Business Standard

Pvt banks take upfront MTM hit

But analysts believe PSBs will be worse hit and will report higher MTM losses plus a rise in restructured assets

Sheetal AgarwalSomasroy Chakraborty Mumbai
Five of the eight private banks which have announced their second quarter results have provided for the entire mark-to-market (MTM, the writing down of assets to reflect current values) losses on their bond portfolio to their profit and loss account.

This is despite the one-time option provided by the Reserve Bank of India (RBI) to amortise these over three to seven quarters. Banks and analysts said not doing so was in tune with prudent accounting practices. The losses ranged from Rs 18 crore to Rs 289 crore.

ICICI Bank said it had made an MTM provision of Rs 289 crore on its investment portfolio; transfer to the held-to-maturity (HTM) category was also limited. “We transferred SLR (statutory liquidity ratio) securities with a face value of Rs 2,311 crore from the available for sale (AFS) and held-for trading (HFT) categories to HTM,” said Chanda Kochhar, managing director of ICICI.

The three banks which chose to amortise the losses are Kotak Mahindra, IndusInd and Federal Bank. Kotak said it had not transferred any SLR security to the HTM category and chose to amortise the losses. If the bank had transferred all SLR securities from the AFS or HFT categories, the net depreciation would have been only Rs 47 crore before considering distribution during the financial year.

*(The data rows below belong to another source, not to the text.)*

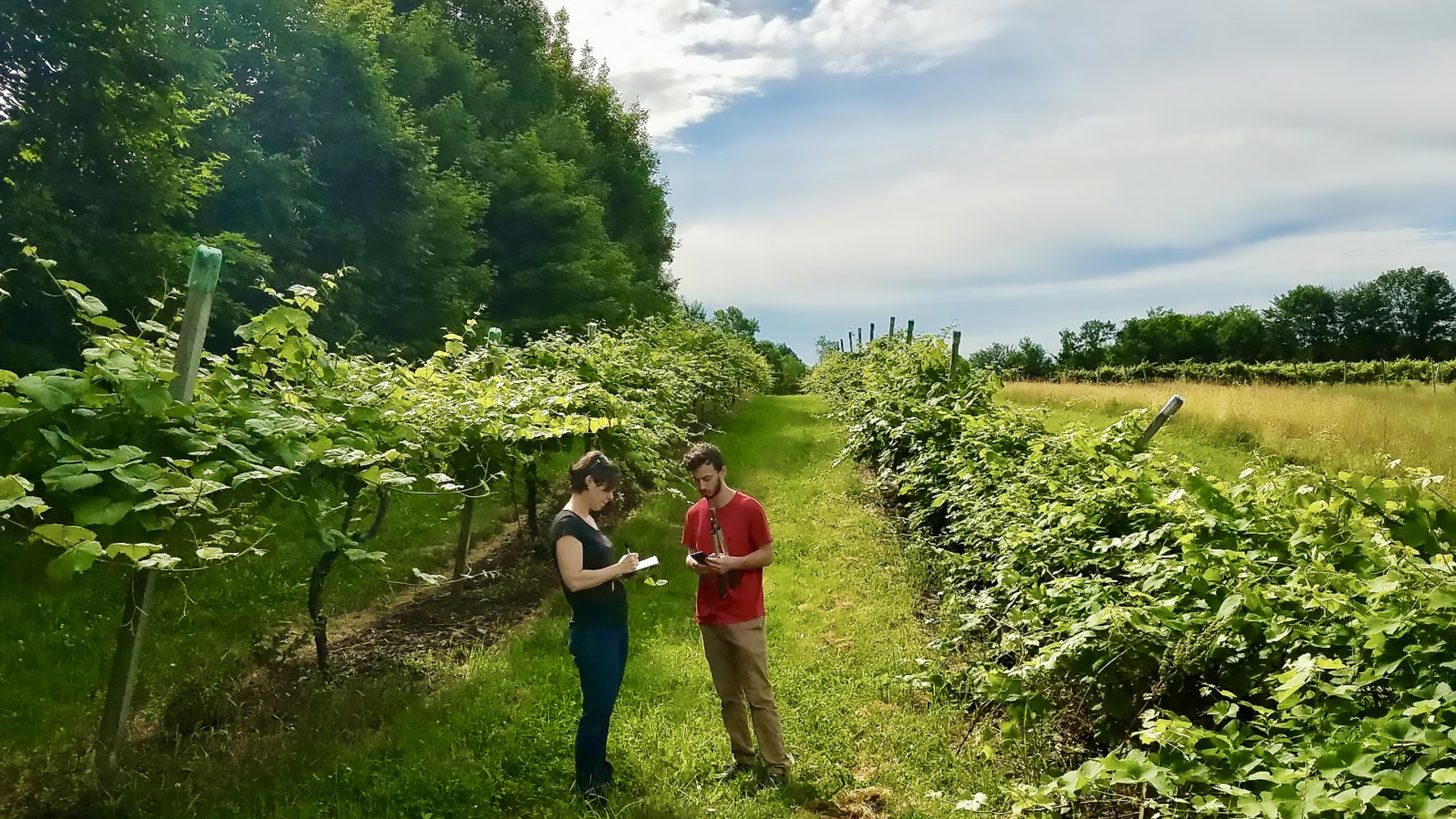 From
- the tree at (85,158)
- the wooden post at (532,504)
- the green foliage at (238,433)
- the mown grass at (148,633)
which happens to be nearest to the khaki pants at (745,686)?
the green foliage at (238,433)

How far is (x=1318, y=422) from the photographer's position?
1414 centimetres

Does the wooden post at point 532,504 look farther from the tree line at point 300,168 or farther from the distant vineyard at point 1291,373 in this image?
the distant vineyard at point 1291,373

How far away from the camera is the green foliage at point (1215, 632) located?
7.29ft

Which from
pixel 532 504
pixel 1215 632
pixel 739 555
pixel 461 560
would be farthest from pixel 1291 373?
pixel 739 555

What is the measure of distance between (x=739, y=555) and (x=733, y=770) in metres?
1.24

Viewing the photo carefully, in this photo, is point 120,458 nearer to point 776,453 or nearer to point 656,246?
point 776,453

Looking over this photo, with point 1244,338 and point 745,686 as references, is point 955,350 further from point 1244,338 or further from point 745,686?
point 1244,338

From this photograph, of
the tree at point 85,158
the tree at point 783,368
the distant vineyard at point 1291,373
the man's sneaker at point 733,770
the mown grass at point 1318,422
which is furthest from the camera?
the tree at point 783,368

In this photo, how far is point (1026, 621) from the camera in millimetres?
4074

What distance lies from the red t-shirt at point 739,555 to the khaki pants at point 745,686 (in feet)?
0.18

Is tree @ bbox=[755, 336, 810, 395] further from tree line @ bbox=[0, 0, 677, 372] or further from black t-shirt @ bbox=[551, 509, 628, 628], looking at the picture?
black t-shirt @ bbox=[551, 509, 628, 628]

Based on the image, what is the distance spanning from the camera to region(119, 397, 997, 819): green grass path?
158 inches

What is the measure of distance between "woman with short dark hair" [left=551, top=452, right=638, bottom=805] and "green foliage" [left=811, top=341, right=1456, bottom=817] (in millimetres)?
1897

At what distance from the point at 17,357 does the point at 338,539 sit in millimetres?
8773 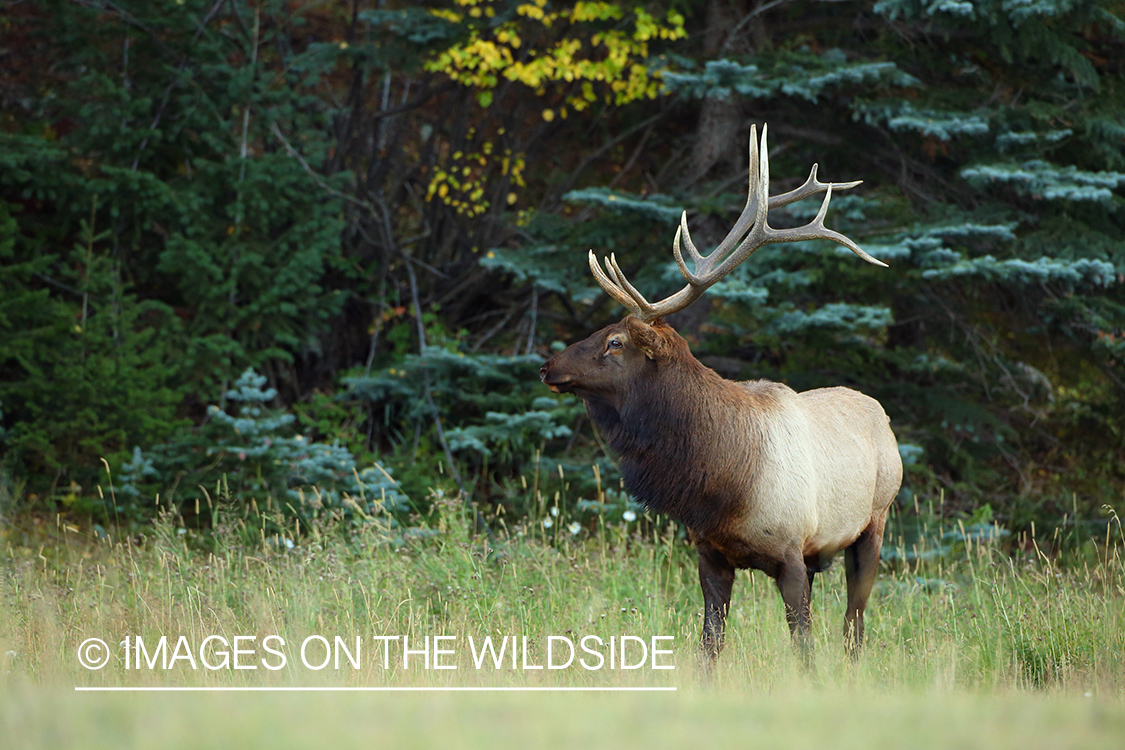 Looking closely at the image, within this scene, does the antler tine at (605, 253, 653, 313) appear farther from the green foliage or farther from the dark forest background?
the green foliage

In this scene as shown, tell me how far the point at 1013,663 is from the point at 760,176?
8.25ft

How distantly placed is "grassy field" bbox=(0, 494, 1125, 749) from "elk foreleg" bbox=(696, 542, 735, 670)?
0.40 feet

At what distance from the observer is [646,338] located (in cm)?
491

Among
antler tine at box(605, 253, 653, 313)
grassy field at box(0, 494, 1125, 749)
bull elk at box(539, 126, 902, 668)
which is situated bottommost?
grassy field at box(0, 494, 1125, 749)

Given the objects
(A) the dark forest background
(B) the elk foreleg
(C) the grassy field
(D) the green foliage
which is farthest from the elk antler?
(D) the green foliage

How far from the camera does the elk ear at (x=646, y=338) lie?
490 cm

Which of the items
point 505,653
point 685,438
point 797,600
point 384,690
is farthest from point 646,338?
point 384,690

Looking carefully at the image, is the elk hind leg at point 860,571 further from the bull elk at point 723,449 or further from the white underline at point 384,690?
the white underline at point 384,690

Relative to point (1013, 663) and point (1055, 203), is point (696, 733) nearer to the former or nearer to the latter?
point (1013, 663)

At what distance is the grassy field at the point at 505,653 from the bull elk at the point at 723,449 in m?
0.41

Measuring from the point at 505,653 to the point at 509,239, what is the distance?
653 cm

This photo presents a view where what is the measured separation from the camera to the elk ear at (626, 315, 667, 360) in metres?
4.90

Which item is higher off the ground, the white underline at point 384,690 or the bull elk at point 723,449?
the bull elk at point 723,449

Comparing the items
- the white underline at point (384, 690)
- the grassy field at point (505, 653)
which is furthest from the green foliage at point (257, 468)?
the white underline at point (384, 690) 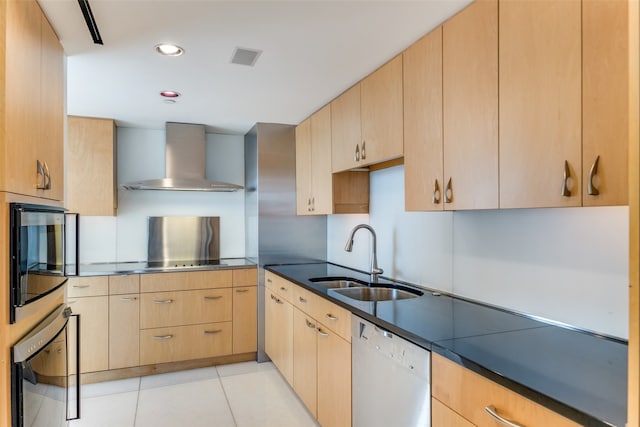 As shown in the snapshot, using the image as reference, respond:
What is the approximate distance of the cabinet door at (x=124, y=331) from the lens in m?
3.28

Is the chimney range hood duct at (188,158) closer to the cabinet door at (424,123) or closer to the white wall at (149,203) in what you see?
the white wall at (149,203)

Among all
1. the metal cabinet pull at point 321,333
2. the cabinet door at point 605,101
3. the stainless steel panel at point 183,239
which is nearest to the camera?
the cabinet door at point 605,101

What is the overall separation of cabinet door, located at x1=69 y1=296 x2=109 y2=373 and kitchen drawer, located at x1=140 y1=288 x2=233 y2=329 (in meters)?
0.29

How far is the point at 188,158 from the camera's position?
3836 mm

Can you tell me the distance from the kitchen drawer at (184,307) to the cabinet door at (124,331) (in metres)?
0.06

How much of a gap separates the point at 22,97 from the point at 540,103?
1885mm

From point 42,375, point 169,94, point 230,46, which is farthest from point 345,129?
point 42,375

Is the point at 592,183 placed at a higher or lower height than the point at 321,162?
lower

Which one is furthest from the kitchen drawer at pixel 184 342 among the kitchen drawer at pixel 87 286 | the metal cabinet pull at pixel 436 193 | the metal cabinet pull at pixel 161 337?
the metal cabinet pull at pixel 436 193

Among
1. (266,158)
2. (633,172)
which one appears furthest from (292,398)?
(633,172)

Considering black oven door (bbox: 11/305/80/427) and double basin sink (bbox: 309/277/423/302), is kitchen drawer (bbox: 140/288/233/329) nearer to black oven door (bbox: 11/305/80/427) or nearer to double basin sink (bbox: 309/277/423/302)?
double basin sink (bbox: 309/277/423/302)

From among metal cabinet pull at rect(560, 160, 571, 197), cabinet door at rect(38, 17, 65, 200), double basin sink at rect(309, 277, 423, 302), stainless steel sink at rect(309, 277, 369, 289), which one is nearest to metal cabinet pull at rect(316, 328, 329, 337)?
double basin sink at rect(309, 277, 423, 302)

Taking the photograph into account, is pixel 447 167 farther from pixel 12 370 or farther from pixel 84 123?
pixel 84 123

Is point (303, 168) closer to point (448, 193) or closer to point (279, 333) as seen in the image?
point (279, 333) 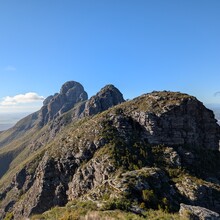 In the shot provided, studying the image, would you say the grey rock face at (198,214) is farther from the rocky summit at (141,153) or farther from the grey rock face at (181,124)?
the grey rock face at (181,124)

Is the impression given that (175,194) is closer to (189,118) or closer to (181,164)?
(181,164)

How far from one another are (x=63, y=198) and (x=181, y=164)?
39.2m

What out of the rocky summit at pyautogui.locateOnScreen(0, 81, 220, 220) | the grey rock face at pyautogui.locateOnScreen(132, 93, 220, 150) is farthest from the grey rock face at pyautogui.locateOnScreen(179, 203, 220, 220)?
the grey rock face at pyautogui.locateOnScreen(132, 93, 220, 150)

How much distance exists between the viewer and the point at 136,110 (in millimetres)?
109562

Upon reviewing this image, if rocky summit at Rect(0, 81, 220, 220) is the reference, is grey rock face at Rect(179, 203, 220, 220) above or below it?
below

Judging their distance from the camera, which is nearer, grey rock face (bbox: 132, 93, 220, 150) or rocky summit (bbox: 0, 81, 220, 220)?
rocky summit (bbox: 0, 81, 220, 220)

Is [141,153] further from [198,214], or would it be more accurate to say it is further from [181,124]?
[198,214]

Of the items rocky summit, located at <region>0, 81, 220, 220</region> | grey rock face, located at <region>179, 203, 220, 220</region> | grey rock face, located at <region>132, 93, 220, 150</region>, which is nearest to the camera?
grey rock face, located at <region>179, 203, 220, 220</region>

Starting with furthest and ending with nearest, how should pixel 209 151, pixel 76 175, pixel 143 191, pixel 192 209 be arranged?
1. pixel 209 151
2. pixel 76 175
3. pixel 143 191
4. pixel 192 209

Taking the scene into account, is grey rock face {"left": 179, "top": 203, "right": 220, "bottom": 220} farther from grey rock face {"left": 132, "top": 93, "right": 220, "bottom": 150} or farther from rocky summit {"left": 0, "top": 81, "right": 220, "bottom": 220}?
grey rock face {"left": 132, "top": 93, "right": 220, "bottom": 150}

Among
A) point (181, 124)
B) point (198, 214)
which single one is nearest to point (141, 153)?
point (181, 124)

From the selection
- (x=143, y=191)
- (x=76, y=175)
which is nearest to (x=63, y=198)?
(x=76, y=175)

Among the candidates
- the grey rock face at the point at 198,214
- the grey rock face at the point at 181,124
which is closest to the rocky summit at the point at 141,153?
the grey rock face at the point at 181,124

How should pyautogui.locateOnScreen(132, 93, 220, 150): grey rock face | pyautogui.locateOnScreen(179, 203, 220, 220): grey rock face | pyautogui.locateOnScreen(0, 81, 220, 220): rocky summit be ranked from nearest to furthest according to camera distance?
pyautogui.locateOnScreen(179, 203, 220, 220): grey rock face
pyautogui.locateOnScreen(0, 81, 220, 220): rocky summit
pyautogui.locateOnScreen(132, 93, 220, 150): grey rock face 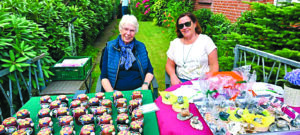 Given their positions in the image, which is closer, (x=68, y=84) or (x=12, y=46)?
(x=12, y=46)

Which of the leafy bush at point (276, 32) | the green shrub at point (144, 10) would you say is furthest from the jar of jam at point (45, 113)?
the green shrub at point (144, 10)

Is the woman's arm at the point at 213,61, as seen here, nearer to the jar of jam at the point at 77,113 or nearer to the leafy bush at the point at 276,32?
the leafy bush at the point at 276,32

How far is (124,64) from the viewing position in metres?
2.60

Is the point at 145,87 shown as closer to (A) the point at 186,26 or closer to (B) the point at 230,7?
(A) the point at 186,26

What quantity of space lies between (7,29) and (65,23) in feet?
5.51

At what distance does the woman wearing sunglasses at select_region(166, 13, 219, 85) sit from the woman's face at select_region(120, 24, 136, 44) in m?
0.68

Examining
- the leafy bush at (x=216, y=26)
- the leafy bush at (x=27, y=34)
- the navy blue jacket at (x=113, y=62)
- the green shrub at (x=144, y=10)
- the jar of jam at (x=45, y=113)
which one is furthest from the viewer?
the green shrub at (x=144, y=10)

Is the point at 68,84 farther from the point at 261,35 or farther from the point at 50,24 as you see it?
the point at 261,35

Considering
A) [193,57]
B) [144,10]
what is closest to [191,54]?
[193,57]

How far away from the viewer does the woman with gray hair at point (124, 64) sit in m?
2.57

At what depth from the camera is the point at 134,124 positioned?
1239 millimetres

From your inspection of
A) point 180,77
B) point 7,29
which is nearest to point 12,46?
point 7,29

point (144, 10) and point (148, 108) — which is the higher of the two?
point (144, 10)

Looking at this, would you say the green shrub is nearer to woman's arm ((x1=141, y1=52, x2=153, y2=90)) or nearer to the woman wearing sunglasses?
the woman wearing sunglasses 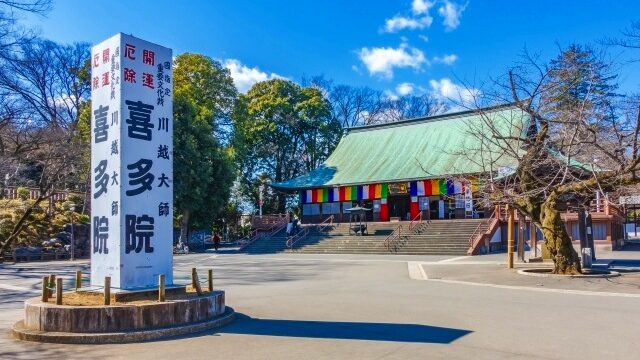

“Private banks’ AFS exposure is more on the corporate bond side, having higher yields. While notional profits on these bonds went away, they did not swing into the red. Thus, most (private) banks did better than expected on this front,” says Vaibhav Agarwal, vice-president, research, Angel Broking.

Most analysts believe the impact on the profits of public sector banks (PSBs), yet to announce their results, will be huge. They have higher AFS exposure and limited leverage (a lower ratio of current and savings accounts, lower net interest margins and fee income, weak return ratios and higher duration bonds) to cushion the impact. In ICICI, for example, the average duration of its AFS portfolio is below a year; for Canara or Punjab National, this is estimated at a little more than three years.

“Considering AFS positioning as of June 30, along with RBI relaxations, PSBs like SBI, PNB, Canara, Corporation and Union Bank are expected to witness significant MTM losses in the September quarter,” says  Agarwal.

As a one-off measure, RBI had allowed banks to move SLR securities such as government and corporate bonds to HTM from AFS/HFT. And,  said they could choose to spread their MTM losses on these securities over the next three or seven quarters. This was to enable them to avoid huge losses on their AFS portfolio, as yields had surged and so, bond prices had fallen.

Compared to a 7.439 per cent mid-yield to maturity on the 10-year government bond on June 28, the yield had risen to 8.234 per cent a day prior to RBI’s announcement. It rose further to 8.766 per cent at end-September and is still elevated, closing at 8.579 per cent on Friday. Banks are required to provide for the decline (loss) in the value of bonds under the AFS/HFT categories and vice versa.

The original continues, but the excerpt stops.